Another vein of Warburg’s thought seems closer to the mark, however. As Luchs recognized in her 1995 monograph, Tullio Lombardo and Ideal Portrait Sculpture in Renaissance Venice, 1490–1530 (New York: Cambridge University Press), the core of Tullio’s investment in antiquity lay in a concern with pathos, and in his hands this principle self-referentially implicates the art of sculpture itself. Tullio’s work resembles no contemporary work of art, but appears saturated with literary topoi about sculpture as a making of living likenesses: that is, as an art of enlivening. This in large part explains the emphasis on figures in the grip of intense emotion or in absorbed mental states; the capacity to invest these beings with a sense that they are thinking and feeling is the ultimate defiance of the limits of a stony medium. Luchs in 1995 aptly linked Tullio’s experiments in the rendering of emotional states with the treatise De sculptura by his friend Pomponius Gauricus, although that productive direction is not followed up here.
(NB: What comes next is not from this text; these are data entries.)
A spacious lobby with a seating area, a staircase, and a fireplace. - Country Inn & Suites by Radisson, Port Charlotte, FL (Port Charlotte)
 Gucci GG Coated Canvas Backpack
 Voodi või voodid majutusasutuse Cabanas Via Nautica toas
The catalogue in several respects reprises themes from Luch’s 1995 publication; the focus is broadened with an essay by Matteo Ceriana on Tullio as architect. Adriana Augusti’s essay, “The Sculptor in his Cultural Milieu,” is a survey of Venetian art around 1500 and does not fully deliver on the promise of its title. “Cultural milieu” is clearly an area that could have received more attention: it would have been useful to have an account of Tullio’s relations to literary culture, as he leaves his mark in the work of figures like Matteo Colacio, Gauricus, Colonna, Cesare Cesariano, or the sculptor’s own letter to Casalini (since non-specialist readers won’t have ready access to the recent edition of the Tullio documents [see Anna Pizzati and Matteo Ceriana, eds., Tullio Lombardo: Documenti e testimonianze, Verona: Scripta, 2008], it would have been useful to have the text of the letter, mentioned on p. 21 but not in the index). Given Tullio’s connections to Padua, I would propose a link with a recent Petrarchan iconography from the circle of Bartolomeo Sanvito: two late fifteenth-century manuscript frontispieces for the Canzoniere and Trionfi (London, Victoria and Albert Museum, ms L.101–1947, 9 v; and Madrid, Biblioteca Nacional, 611, 1v) depict the poet and his Laura half length on a marble stele. The point would not be that the Lombardo reliefs represent Petrarch and Laura, but it would locate them within the literary and social ideals of petrarchismo, itself so self-consciously classical and contemporary. The connection also reinforces the possibility that the two reliefs were designed to be read as fragments of tomb sculpture, transferred to a Venetian portego or studiolo.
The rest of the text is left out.